Air Force Teaches Values During “Airman’s Week”

The Air Force has been executing a little-known program for the past two years as a stepping stone gap-filler between Basic Training, which turns “civilians into Airmen,” and Technical School, where new Airmen go to learn the specifics of their career field. The course, called “Airman’s Week,” is designed as a

values-based course with a mission to “develop professional, resilient Airmen, inspired by our heritage, committed to the Air Force core values and motivated to deliver airpower for America.”

Professional, resilient, inspired by heritage, and “motivated to deliver airpower” all seem to be pretty prosaic goals. Calling it a “values-based course” to teach new Airmen to be “committed to the Air Force core values” is a bit different, though.

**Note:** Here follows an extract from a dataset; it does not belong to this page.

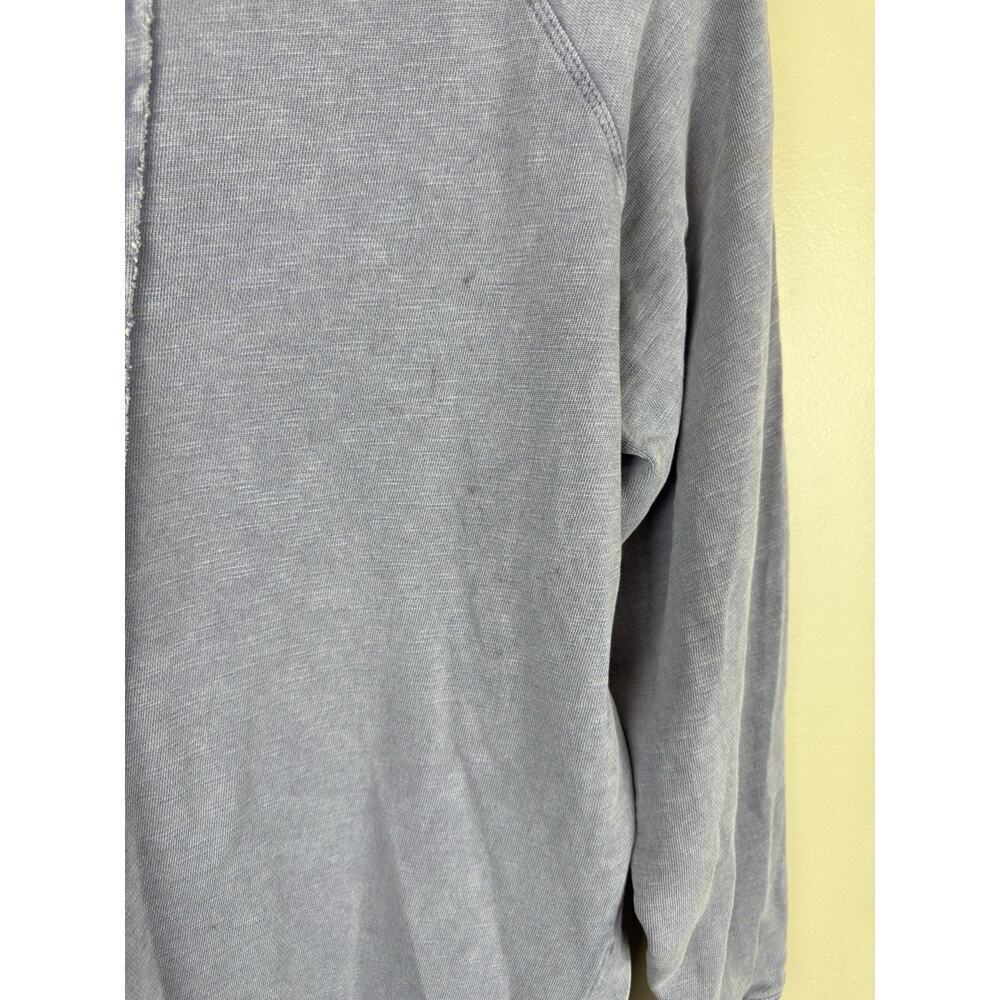 Pilcro Crossover Pullover Sweatshirt Women XXS Long Sleeve Purple Cozy Oversized - Picture 8 of 13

Unfortunately, the majority of the article is spent describing how selective the process is for “competitively” choosing the enlisted Military Training Instructors who teach the course (a focus that may be the result of MTI scandals in prior years). The basic discussion on content says

We…teach them teamwork, personal accountability, responsible communication and proactive resiliency.

Again, fairly mundane topics, until LtCol Meghan Doherty, the Training Squadron commander, says [emphasis added]:

The Airmen’s Week curriculum is grounded in the Air Force core values and the Airman’s Creed with a focus on each Airman’s character development.

Given the framing, it’s possible part of the course could be a concerted effort to inculcate moral character — though how effective that could be in less than five days is up for debate. Still, it is notable the Air Force is trying to “focus on…character development”, particularly for Airmen who are often teenagers who have just left home.

The only open questions are how, precisely, they’re teaching “character” — and whether they’ve been successful.